Overview

Naltrexone Neuroimaging

Status:
Recruiting

Trial end date:
2022-06-30

Target enrollment:
0

Participant gender:
All

Summary

The purpose of this open-label, pilot study is to evaluate fMRI as a biomarker of opioid antagonism in adolescents with ED. Modulation of brain activation will be examined in regions of interest by fMRI using a food-specific and general reward task in adolescents with ED in a pre/post design.

Phase:

Early Phase 1

Accepts Healthy Volunteers?

Details

Lead Sponsor:

Children's Mercy Hospital Kansas City

Collaborator:

University of Kansas Medical Center

Treatments:

Naltrexone

Criteria

Inclusion Criteria:

- Eating disorder diagnosis per DSM-V criteria that is characterized by binge eating
(defined as loss of control of eating resulting in large amount of food consumed in a
short period of time) and/or purging (e.g., vomiting, excessive exercising, laxative
use)

- Stable medication regimen (no dose or drug changes in the past 4 weeks)

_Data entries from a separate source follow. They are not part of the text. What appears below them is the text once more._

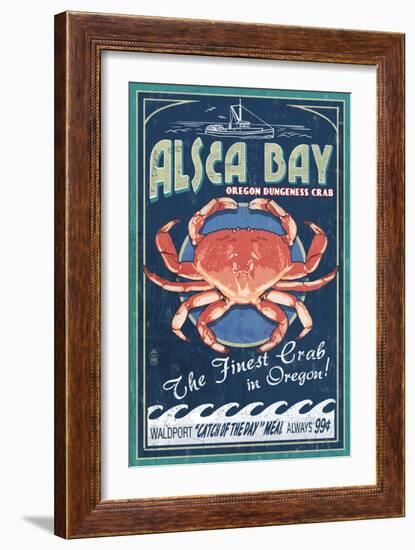 Alsea Bay, Oregon - Dungeness Crab Vintage Sign-Lantern Press-Framed Art Print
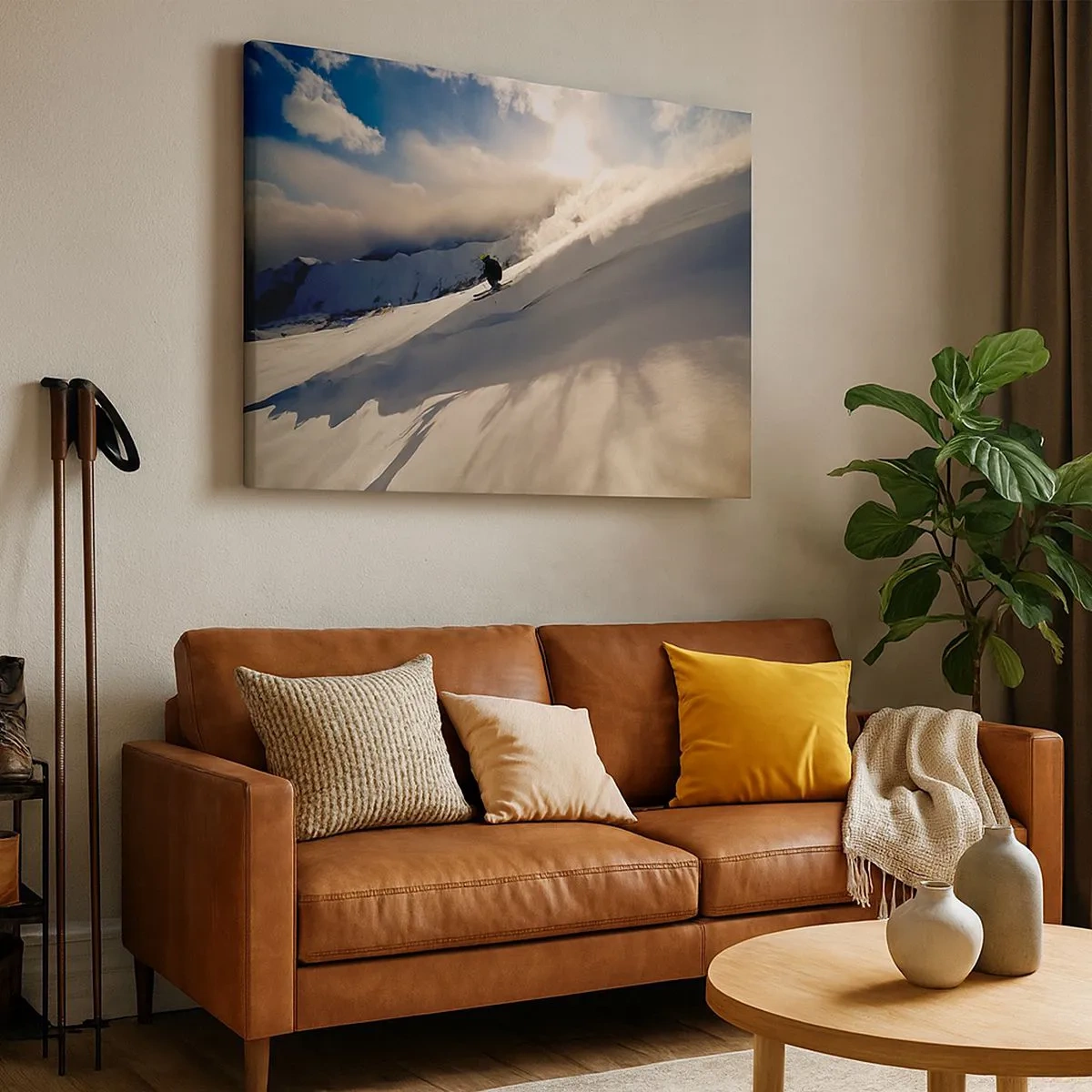 Schilderen op canvas - Een skiër op een helling omgeven door bergen en sneeuw - 70x50cm - Berguitdaging genomen - Moderne wanddecoratie voor woonkamer en slaapkamer ARTTOR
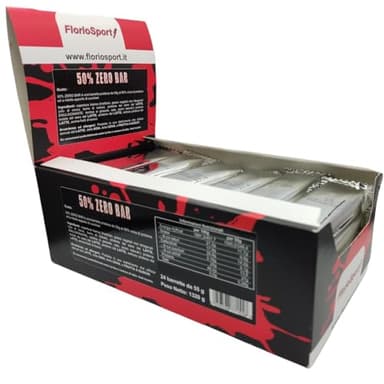 Barrette Proteiche Senza Zucchero 50% Zero Bar FlorioSport 24 pz da 55g al 50% di Proteine del Siero del latte isolate Whey. Peso Netto 1320g (Cioccolato Fondente)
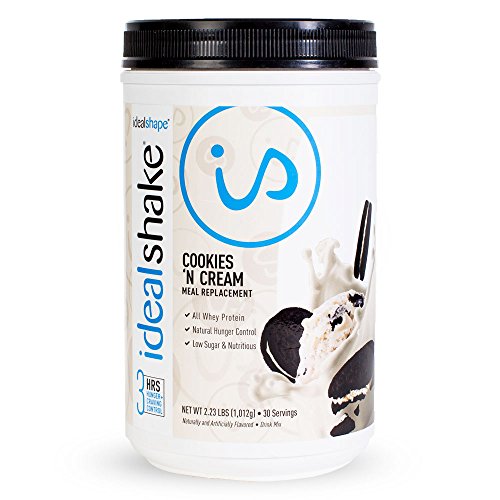 IdealShake Meal Replacement Shakes |11-12g of Healthy Whey Protein Blend | Promotes Weight Loss | 22 Essential Vitamins & Minerals | 5g of Fiber | Cookies N' Cream | 30 Servings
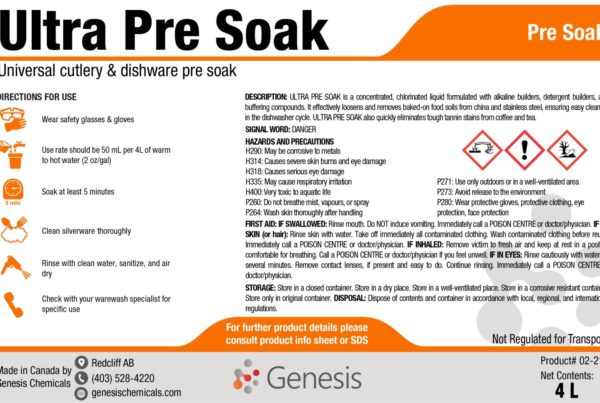 Ultra Pre-Soak - Genesis Canada Presoak and universal cutlery dishware detergent buffer in a concentrated formula for stainless warewash Product label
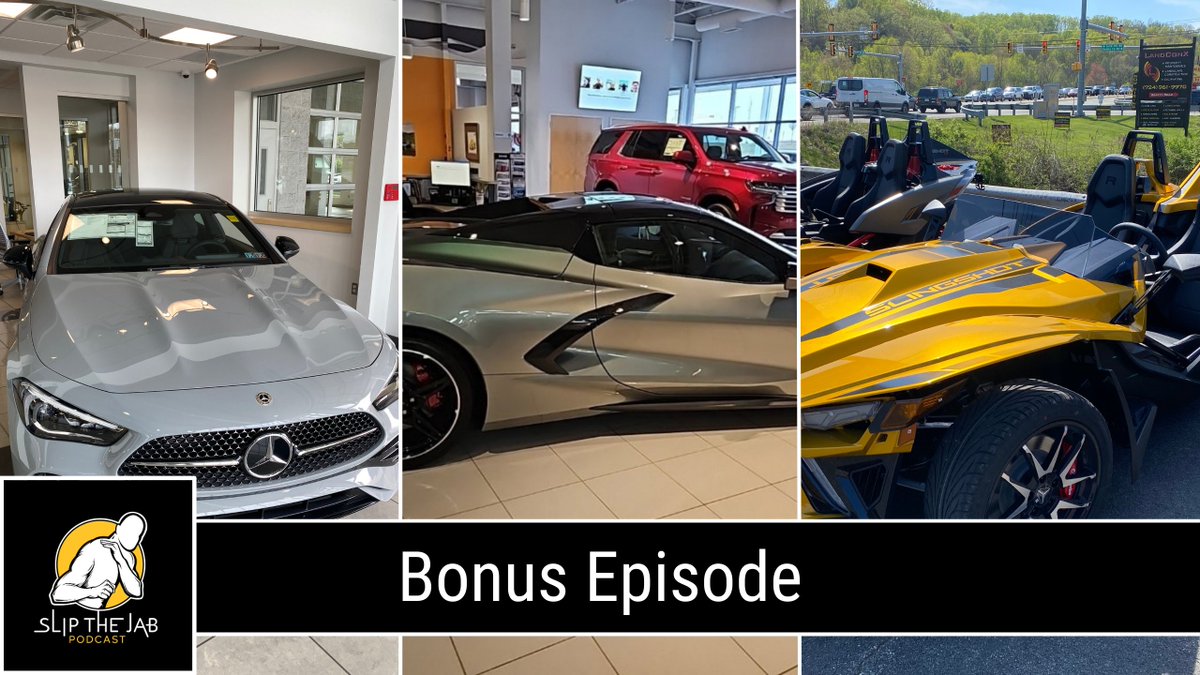Bonus Episode: No More Slingshot Buddies 😭 • Impressed with the Mercedes CLE and Genesis GV70 🤩 • C8 Chevy Stingray Test Drive Deposit? 🤔 • Car Salesman are Sleazy and Buyers are Liars 🤥 Link: slipthejab.buzzsprout.com/682871/14988972 Available on all streaming platforms 🎧
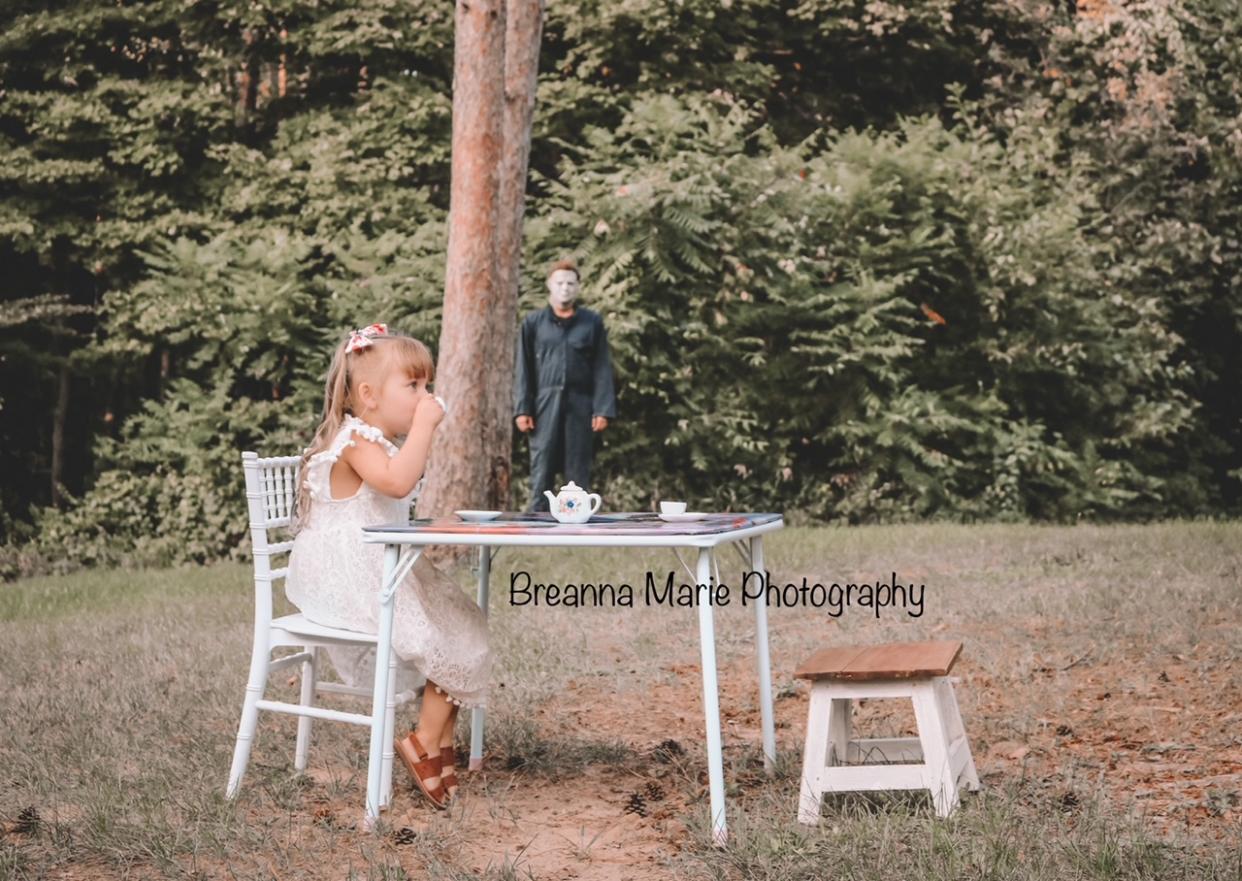 Indiana photographer Breanna Caldwell is going viral for a photo series featuring her daughter, Maci, 4, and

- Participant and parent/legal guardian (if under 18 years) are willing and able to
provide informed permission/assent/consent for the study

Exclusion Criteria:

- Pregnant (via UCG)

- Prior hypersensitivity reaction to naltrexone (e.g., anaphylaxis)

- Non-removable metal in the body

- Current naltrexone use

- Self-reported opioid use in the past 7 days

- A language barrier (e.g., non-English speaking) for the participant that precludes
communication and/or ability to complete all study-related requirements.